Libya could become an “oasis for human development” in its region now that the regime of Muammar al-Qadhafi has fallen, a top official with the new Government told the United Nations today, but the country remains a “land not yet fully liberated” with widespread destruction of its infrastructure and an enormous ongoing toll on its population and social fabric.
“We need more help,” said Mahmoud Jibreel, chairman of the executive office of the National Transitional Council (NTC) in Libya, in an address to the General Assembly’s annual general debate in New York.
Oil production and exporting must resume now that fighting between the former rebels and the pro-Qadhafi forces has largely ended, ruined schools must be rebuilt and injured people given urgent health care.
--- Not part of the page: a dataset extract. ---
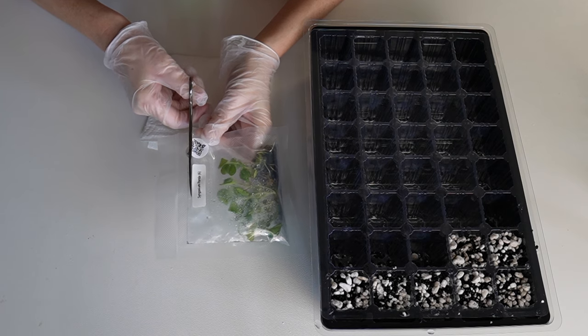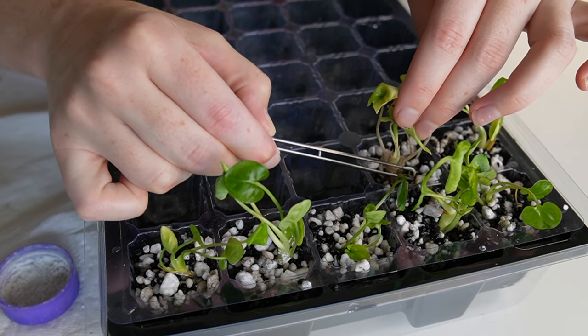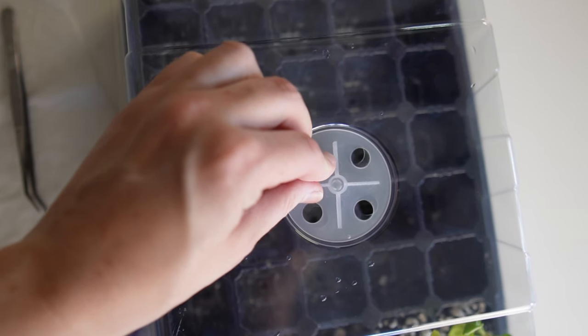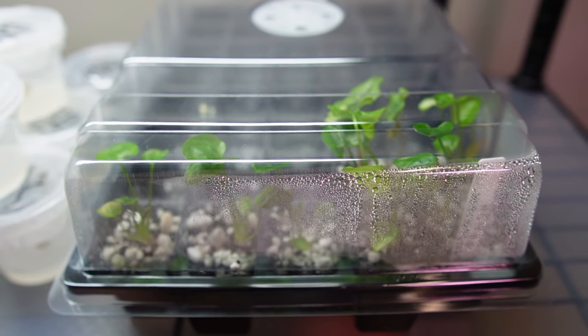This video is going to be split into three parts. In part one, I'll do a demo showing how to take plants out of tissue culture. In part two, I'll summarize how to care for your freshly acclimated plants for the first eight weeks of their lives. And in part three, I'll share some tips that have helped me in the past.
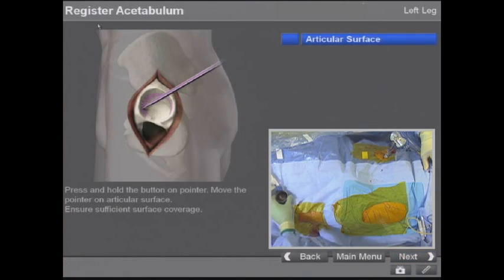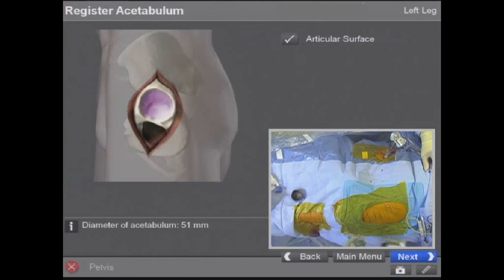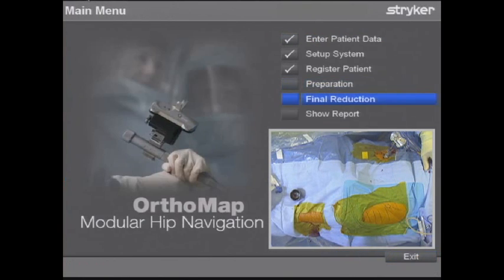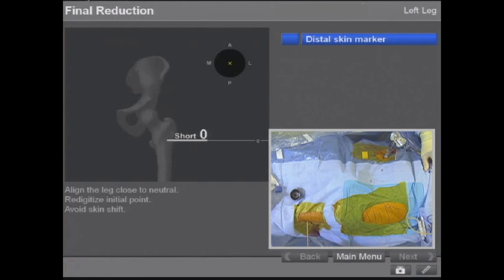To make sure we can find that hole again, we go through the process as if we're done with the hip — we register a fake socket and do a post-reduction. Of course this should give us a reading of zero since we haven't done an operation yet, and sure enough it gives us zero. So we know we can find the hole, it's accurate, and the X is in the middle of the ML and AP dimension.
Mr. Jibreel said Libya faced a colossal task in other areas, such as achieving national reconciliation, setting up democratic institutions, ensuring respect for human rights and foreign workers and ending the militarization of numerous towns.
He called on the Security Council to quickly lift the assets freeze imposed earlier this year after the Qadhafi regime began a crackdown on pro-democracy protesters and rebels.
He also stressed the need for a new constitution to be drafted and put to a referendum relatively quickly.
Mr. Jibreel added that the country could now become a “model of democracy and successful development,” drawing on its geography, history and geo-strategic importance between North and South, and between East and West.
Libya could become an “oasis for human development in the Middle East,” he said.
Earlier this week a UN summit in support of Libya backed the transition plans of the North African nation’s new authorities as well as the efforts of the newly established UN support mission (UNSMIL).